--- Data section Enclosed Below ---

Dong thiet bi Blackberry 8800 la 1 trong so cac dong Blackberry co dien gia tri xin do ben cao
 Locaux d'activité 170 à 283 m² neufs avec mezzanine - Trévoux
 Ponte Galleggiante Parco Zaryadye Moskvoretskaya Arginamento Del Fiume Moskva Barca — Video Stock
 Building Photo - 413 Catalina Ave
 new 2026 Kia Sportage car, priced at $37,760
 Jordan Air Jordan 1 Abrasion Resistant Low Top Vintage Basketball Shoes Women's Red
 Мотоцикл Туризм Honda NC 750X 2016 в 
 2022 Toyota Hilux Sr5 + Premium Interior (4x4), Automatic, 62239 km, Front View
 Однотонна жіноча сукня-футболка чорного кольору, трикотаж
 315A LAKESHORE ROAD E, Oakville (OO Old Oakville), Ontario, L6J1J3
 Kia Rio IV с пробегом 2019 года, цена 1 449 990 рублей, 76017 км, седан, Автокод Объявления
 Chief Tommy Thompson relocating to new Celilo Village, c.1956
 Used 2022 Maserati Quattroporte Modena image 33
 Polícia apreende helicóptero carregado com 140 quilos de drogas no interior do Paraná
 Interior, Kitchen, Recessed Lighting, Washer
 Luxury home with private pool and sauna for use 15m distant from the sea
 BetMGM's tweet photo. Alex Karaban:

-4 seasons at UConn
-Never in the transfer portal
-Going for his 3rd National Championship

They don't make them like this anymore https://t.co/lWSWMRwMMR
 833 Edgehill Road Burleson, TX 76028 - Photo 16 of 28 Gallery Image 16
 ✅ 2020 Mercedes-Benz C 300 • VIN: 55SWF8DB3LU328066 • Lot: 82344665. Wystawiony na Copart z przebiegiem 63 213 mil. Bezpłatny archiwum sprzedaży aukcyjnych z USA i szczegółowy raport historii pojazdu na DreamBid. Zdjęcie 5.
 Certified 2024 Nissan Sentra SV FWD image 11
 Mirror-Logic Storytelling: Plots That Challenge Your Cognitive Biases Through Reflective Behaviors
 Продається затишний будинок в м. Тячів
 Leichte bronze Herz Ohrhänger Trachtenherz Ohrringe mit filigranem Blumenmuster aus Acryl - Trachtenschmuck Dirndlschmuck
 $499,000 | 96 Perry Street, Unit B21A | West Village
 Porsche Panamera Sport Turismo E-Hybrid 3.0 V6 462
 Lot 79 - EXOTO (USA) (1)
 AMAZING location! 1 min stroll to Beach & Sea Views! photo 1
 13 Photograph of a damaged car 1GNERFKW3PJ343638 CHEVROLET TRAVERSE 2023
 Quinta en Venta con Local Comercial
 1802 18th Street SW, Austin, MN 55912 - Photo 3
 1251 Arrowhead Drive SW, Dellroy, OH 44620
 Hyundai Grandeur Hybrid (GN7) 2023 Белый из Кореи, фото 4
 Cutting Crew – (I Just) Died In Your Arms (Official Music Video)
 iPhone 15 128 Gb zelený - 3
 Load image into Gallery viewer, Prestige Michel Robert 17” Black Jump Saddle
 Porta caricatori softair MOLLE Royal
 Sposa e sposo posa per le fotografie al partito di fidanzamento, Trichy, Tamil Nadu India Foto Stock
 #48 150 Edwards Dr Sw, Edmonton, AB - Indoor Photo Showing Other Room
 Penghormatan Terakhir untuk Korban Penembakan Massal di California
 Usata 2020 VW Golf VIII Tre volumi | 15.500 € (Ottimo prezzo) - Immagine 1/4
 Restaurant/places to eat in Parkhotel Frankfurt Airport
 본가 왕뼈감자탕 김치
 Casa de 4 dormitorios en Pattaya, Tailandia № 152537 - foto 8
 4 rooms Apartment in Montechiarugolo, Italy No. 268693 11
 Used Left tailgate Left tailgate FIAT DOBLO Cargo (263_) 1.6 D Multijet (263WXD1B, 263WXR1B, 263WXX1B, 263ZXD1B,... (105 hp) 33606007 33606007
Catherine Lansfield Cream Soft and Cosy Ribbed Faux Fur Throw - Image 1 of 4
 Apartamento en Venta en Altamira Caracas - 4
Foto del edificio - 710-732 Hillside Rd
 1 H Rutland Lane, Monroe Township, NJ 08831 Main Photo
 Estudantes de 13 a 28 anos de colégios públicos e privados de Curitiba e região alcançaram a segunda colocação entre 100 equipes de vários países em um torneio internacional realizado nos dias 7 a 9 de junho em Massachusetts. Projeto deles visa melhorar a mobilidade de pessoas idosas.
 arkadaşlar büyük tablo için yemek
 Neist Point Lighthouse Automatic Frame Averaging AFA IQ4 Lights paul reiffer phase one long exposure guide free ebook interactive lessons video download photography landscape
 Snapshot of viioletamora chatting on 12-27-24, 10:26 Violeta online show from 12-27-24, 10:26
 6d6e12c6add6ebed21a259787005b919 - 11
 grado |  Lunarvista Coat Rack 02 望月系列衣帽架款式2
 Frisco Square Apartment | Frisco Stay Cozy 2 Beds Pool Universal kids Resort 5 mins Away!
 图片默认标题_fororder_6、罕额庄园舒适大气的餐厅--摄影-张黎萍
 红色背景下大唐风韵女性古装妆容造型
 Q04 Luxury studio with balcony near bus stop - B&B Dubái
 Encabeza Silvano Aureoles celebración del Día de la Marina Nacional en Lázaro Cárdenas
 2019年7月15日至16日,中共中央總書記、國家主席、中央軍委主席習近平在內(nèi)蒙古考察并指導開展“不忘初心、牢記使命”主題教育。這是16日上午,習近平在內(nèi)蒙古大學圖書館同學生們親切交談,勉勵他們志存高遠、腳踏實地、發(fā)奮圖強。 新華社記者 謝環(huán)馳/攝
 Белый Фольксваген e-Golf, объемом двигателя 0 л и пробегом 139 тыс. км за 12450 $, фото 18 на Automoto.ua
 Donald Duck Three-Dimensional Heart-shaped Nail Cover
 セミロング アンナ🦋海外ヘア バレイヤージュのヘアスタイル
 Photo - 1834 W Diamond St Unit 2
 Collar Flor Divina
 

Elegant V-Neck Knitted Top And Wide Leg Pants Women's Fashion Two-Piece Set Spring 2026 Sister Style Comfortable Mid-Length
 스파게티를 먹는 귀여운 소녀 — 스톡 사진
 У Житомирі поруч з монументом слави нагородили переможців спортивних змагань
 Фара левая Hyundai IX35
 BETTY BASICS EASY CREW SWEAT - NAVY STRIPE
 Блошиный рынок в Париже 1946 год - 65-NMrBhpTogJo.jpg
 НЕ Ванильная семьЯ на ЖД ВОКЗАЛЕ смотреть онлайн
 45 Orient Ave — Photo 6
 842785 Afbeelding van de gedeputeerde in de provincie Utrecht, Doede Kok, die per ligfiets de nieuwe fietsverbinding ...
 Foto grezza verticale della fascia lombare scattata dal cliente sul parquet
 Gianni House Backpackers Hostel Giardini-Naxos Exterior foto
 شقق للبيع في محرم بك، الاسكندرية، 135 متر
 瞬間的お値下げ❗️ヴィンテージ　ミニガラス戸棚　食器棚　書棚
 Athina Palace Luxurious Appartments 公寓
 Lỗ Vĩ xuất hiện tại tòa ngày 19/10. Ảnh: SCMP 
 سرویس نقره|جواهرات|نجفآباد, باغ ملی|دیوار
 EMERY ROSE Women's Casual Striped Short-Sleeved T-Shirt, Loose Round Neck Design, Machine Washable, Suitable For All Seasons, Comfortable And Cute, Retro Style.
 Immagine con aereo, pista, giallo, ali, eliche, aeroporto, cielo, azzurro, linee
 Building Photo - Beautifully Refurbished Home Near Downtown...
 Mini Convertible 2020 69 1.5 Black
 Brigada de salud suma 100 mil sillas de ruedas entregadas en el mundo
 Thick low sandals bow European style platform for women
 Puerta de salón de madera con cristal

--- End of Enclosed Data section ---

Determine the number of lines in the data above that contain the word "Apartment", and provide only that figure.

2